Start of GIVEN ENTRIES

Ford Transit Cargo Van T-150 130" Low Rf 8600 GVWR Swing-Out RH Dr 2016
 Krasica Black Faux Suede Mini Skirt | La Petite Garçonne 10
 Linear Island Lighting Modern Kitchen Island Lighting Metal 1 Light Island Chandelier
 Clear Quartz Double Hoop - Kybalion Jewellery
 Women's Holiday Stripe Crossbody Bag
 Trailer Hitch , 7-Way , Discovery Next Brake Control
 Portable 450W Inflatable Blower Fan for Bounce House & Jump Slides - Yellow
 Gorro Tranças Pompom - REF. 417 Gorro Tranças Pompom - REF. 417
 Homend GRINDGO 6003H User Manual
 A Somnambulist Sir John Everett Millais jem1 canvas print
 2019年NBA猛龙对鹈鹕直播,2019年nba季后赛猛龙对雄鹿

End of GIVEN ENTRIES

Only one stretch of the data is wanted: the lines from the one with "A Somnambulist Sir" through the last, repeated exactly.

- [ANSWER FOR THE TASK]
 A Somnambulist Sir John Everett Millais jem1 canvas print
 2019年NBA猛龙对鹈鹕直播,2019年nba季后赛猛龙对雄鹿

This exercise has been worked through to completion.